Designing 80:20 Rule Languages

EDIT: I made it clearer that the second language is not original.

If you calculate a running sum of the sorted frequency of every word in a long book ¹, the result looks like the following curve:

You can try this J program with your favorite book (as long as cutopen supports the language), where count is defined in my previous post: ²

NB. Plot the word count. Your text should only have one newline at the end of
NB. the file, otherwise `freadr` and `cutopen` won't work. J is definitely not
NB. an ideal language for string processing.
plot +/\ (% +/) \:~ (count"_ 0 ~.) cutopen , freadr 'your/book.txt'
NB.                            ~.   finds the unique word
NB.                 (count"_ 0 ~.)  is a monadic hook that gets the word count
NB.             \:~                 sort the word count
NB.      (% +/)                     normalizes it
NB.  +/\                            calculate partial sum

There are 18000 kinds of words used in total, but only 20% of them is used in 80% of the scenarios. This phenomenon is known as the Pareto principle or the 80:20 rule. In this post, we will have some understanding about why this pattern appears, by designing two languages that follows the principle.

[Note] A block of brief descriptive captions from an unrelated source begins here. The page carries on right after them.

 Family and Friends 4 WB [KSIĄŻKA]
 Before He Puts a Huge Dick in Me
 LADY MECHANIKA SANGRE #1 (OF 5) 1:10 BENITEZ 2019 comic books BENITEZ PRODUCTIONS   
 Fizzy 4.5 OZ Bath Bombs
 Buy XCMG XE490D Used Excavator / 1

A Language With Equal Word Length

The first language is a boring one: every word has the same length.

The syntax of the first language:

There is a finite set $\Omega$ called alphabet.
A word is an element of $\Omega^n$ where $n$ is a fixed number.
Characters in a word are iid samples of some random variable $X$ over $\Omega$ .

For example, let $\Omega=\{a,b,c\}$ , $n=5$ and the value of $X$ over $a,b,c$ is $0.5,0.4,0.1$ respectively, then a sentence of our language looks like:

aabaa bbbaa aabaa baaba abaca bbbba abaac ...

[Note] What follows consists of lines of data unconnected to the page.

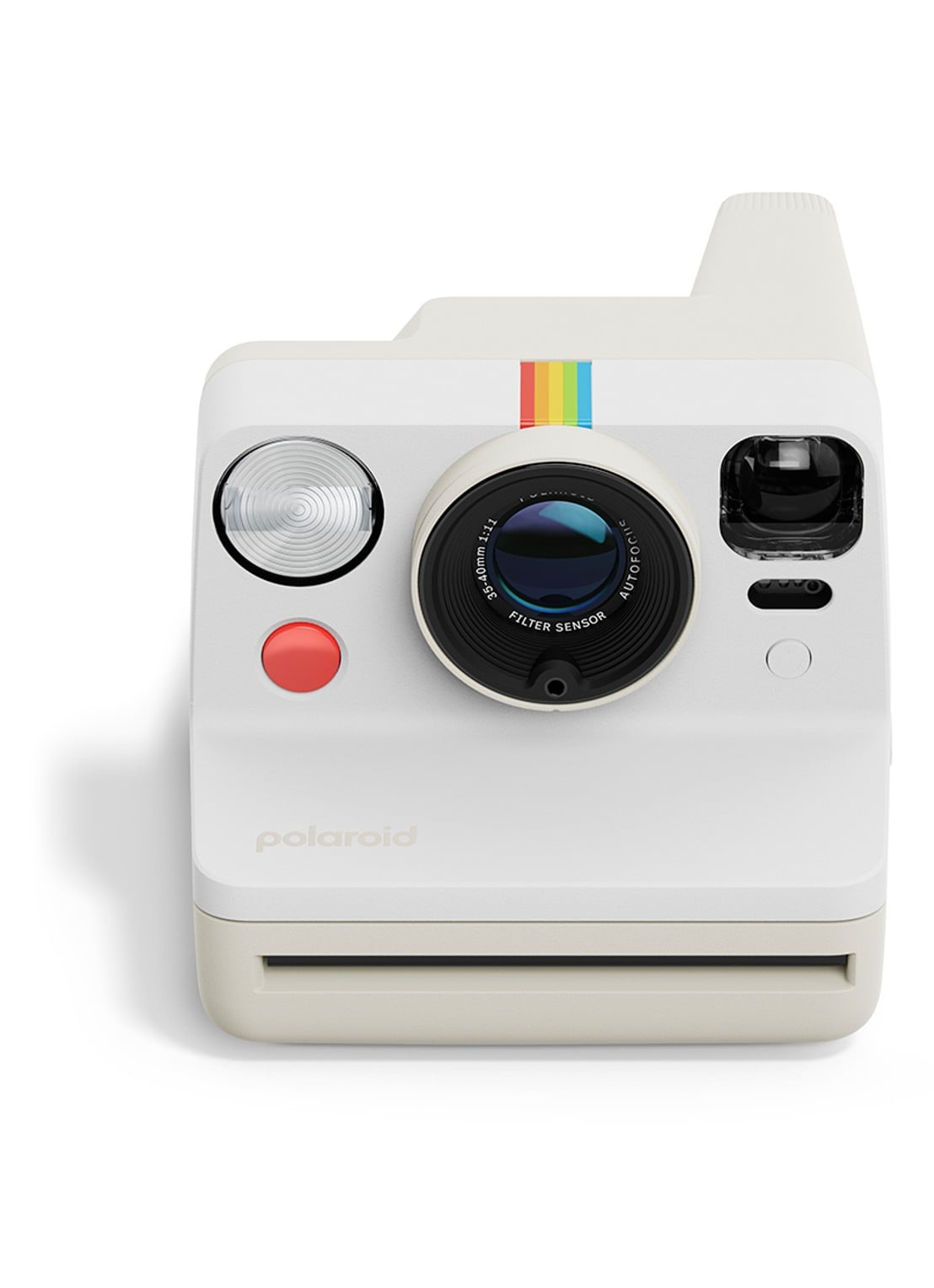Polaroid Polaroid Now Instant Generation 3 fotocamera - voorkant 2 gebroken wit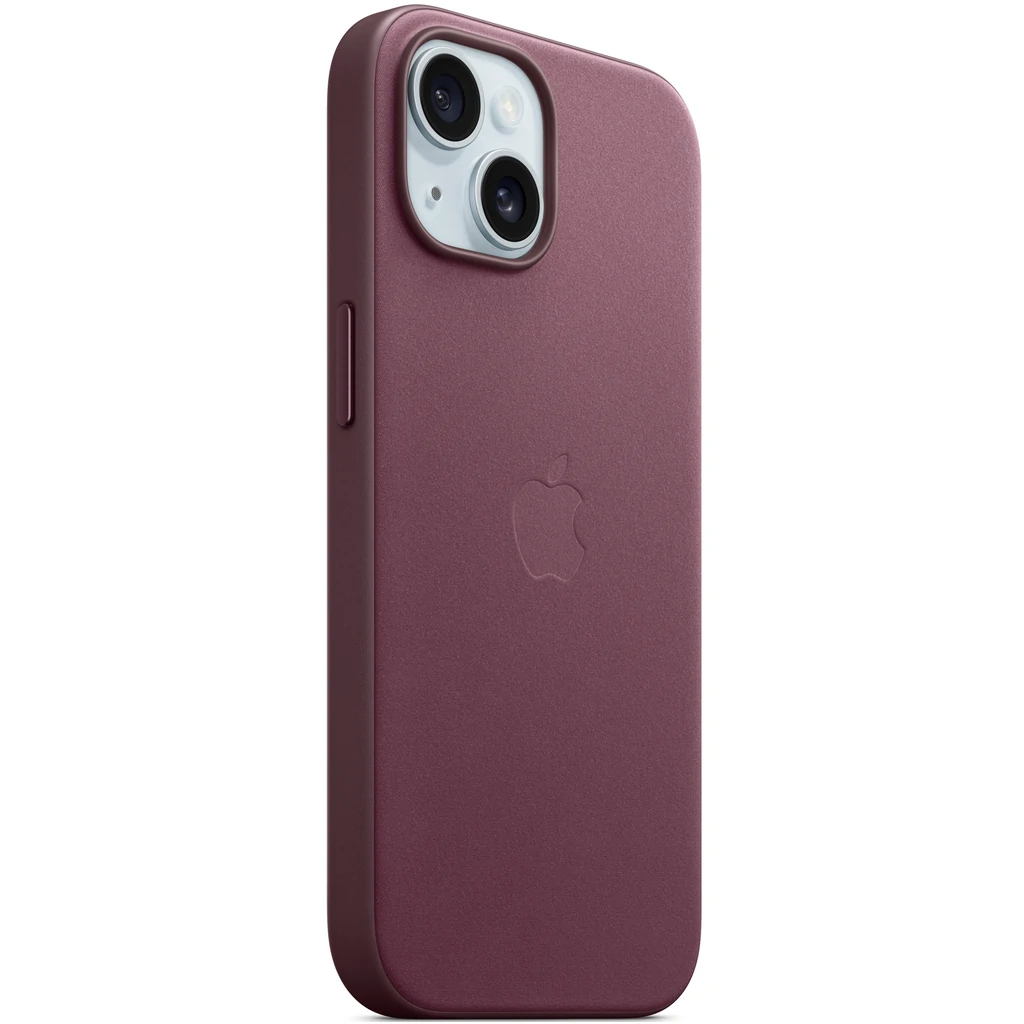 Чохол Apple iPhone 15 FineWoven Case with MagSafe Mulberry (MT3E3)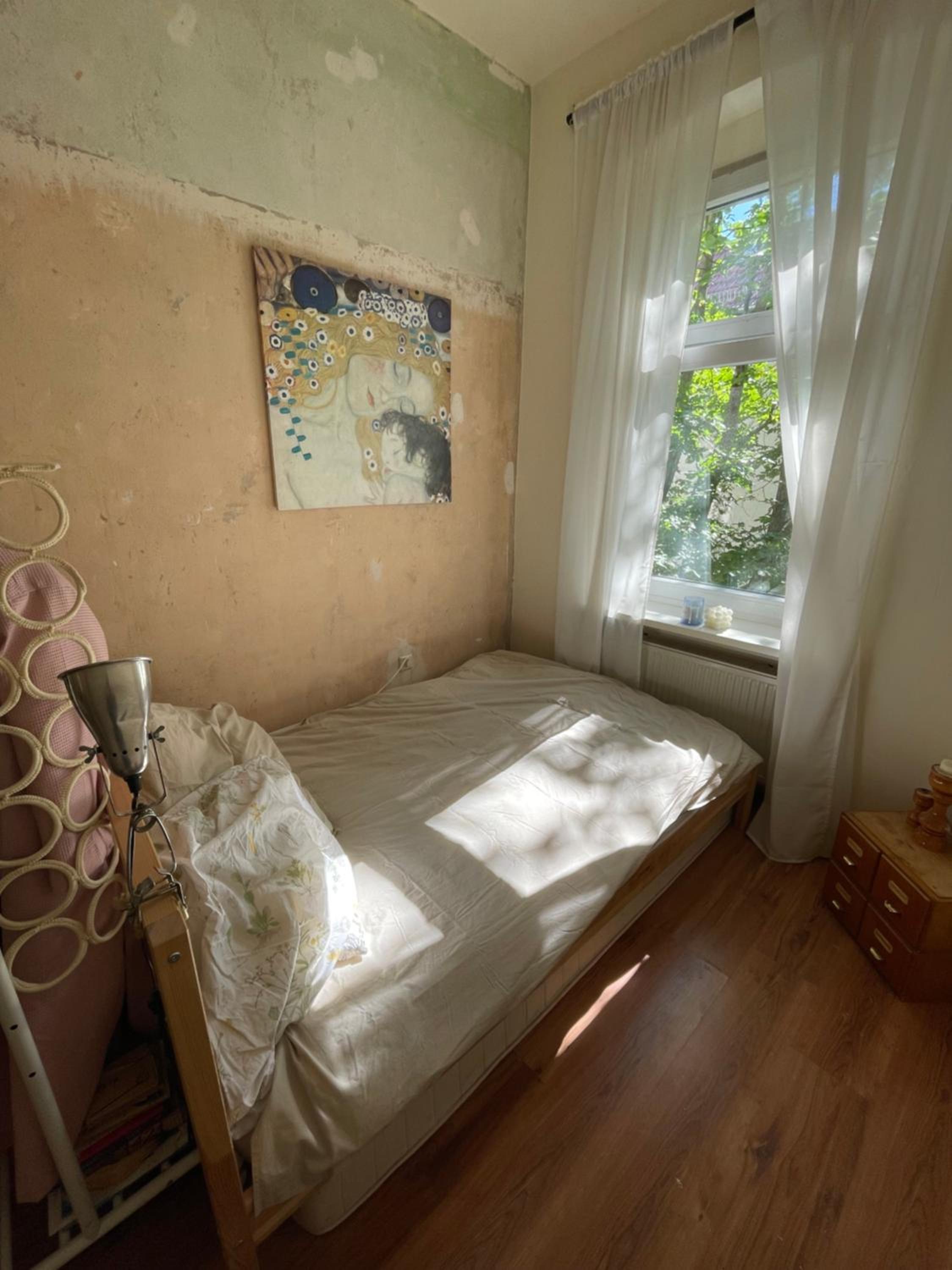 Schillerkiez helle zentrale Wohnung mit Berliner Charme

This can be generated using the following J sentence:

20 5 $ ((roulette"1) 100 3 $ 0.5 0.4 0.1) (({ >)"0) 100 $ < 'abc'

Typical Set and the Asymptotic Equipartition Principle

We will focus on one seemingly arbitrary property of the language: the information content of a word. Let $I$ be the random variable that represents the information content. Given a character $x$ , we have $I(x)=-\log_2\mathrm{Pr}(X=x).$

Since the characters are iid samples, according to the law of large numbers, for every $\varepsilon>0$ : $\lim_{n\to\infty}\mathrm{Pr}\left(\left|\frac{1}{n}\sum_{i=1}^nI(x_i)-H(X)\right|<\varepsilon\right)=1,\tag{1}$ where $H(X)=\mathbb{E}[I(X)]$ is the entropy of $X$ .

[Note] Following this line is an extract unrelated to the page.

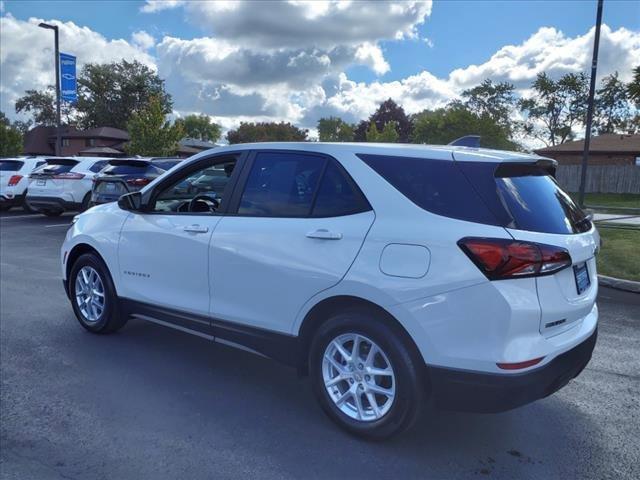 2022 chevrolet equinox ls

Let $\mathcal{A}=\{x^n\in\Omega^n:|\frac{1}{n}\sum_{i=1}^nI(x_i)-H(X)|<\varepsilon\}$ be the set of words where the average information content is close to the entropy (it’s called the (weak) typical set in information theory). We know from the equation above that you will almost surely get an element of $\mathcal{A}$ when sampling a word, despite that $|\mathcal{A}|$ is relatively small as we will see.

To estimate $|\mathcal{A}|$ , let’s consider an element $x^n=(x_1,x_2,\dots,x_n)\in\mathcal{A}$ and try to answer: What’s the probability of getting the word $x^n$ ?

Here we can make use of the iid assumption again: $\mathrm{Pr}(X^n=x^n)=\prod_{i=1}^n\mathrm{Pr}(X=x_i)=2^{\sum_{i=1}^n\log_2\mathrm{Pr}(X=x_i)}=2^{-\sum_{i=1}^nI(x_i)}.$

By definition of $\mathcal{A}$ , $(1-\varepsilon)H(X)<\frac{1}{n}\sum_{i=1}^nI(x_i)<(1+\varepsilon)H(X).$

Therefore, $2^{-n(1+\varepsilon)H(X)}<\mathrm{Pr}(X^n=x^n)<2^{-n(1-\varepsilon)H(X)}.$

We know this is true for every $x^n\in\mathcal{A}$ , so the probability of $X^n\in\mathcal{A}$ is lower-bounded: $2^{-n(1+\varepsilon)H(X)}|\mathcal{A}|<\mathrm{Pr}(X^n\in\mathcal{A}).$

$\mathrm{Pr}(X^n\in\mathcal{A})$ is a probability, therefore it can’t be greater than 1: $2^{-n(1+\varepsilon)H(X)}|\mathcal{A}|<\mathrm{Pr}(X^n\in\mathcal{A})\leq1.$

Then we have this nice upper bound of $|\mathcal{A}|$ : $|\mathcal{A}|<2^{n(1+\varepsilon)H(X)}.$

The result is a part of the asymptotic equipartition principle in information theory.

Making The Language 80:20

Let go back to our simple language, and find a set of parameters to make it satisfies the 80:20 rule.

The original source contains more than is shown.